───── SUPPLIED DATA

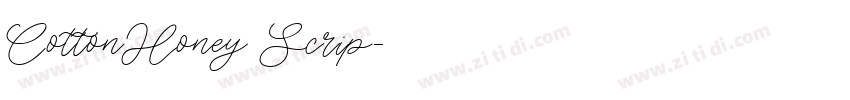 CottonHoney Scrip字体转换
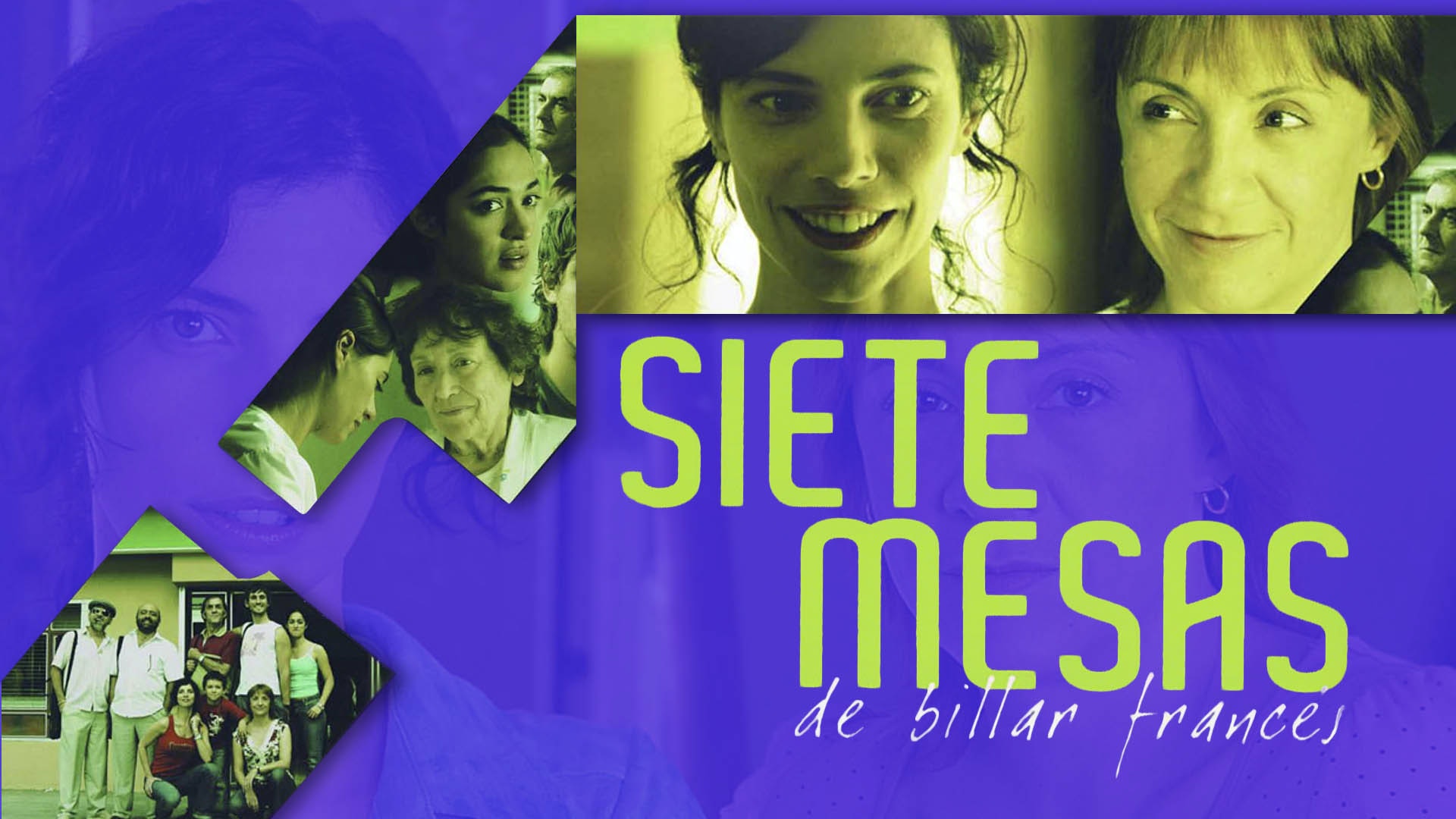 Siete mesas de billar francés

──────────
───── SUPPLIED DATA

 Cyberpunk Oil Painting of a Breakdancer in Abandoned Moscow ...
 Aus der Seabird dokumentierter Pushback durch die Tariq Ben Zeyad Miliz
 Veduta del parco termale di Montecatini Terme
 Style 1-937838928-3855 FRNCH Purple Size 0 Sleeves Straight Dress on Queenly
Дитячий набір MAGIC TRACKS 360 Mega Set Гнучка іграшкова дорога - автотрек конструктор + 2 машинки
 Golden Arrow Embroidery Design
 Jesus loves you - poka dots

──────────

YOUR ASSIGNMENT
Reproduce the listing above from the line that holds "CottonHoney Scrip字体转换" through the line that holds "Siete mesas de billar francés", both included, with the pictures left out.

REPLY TO THE TASK
 CottonHoney Scrip字体转换
 Siete mesas de billar francés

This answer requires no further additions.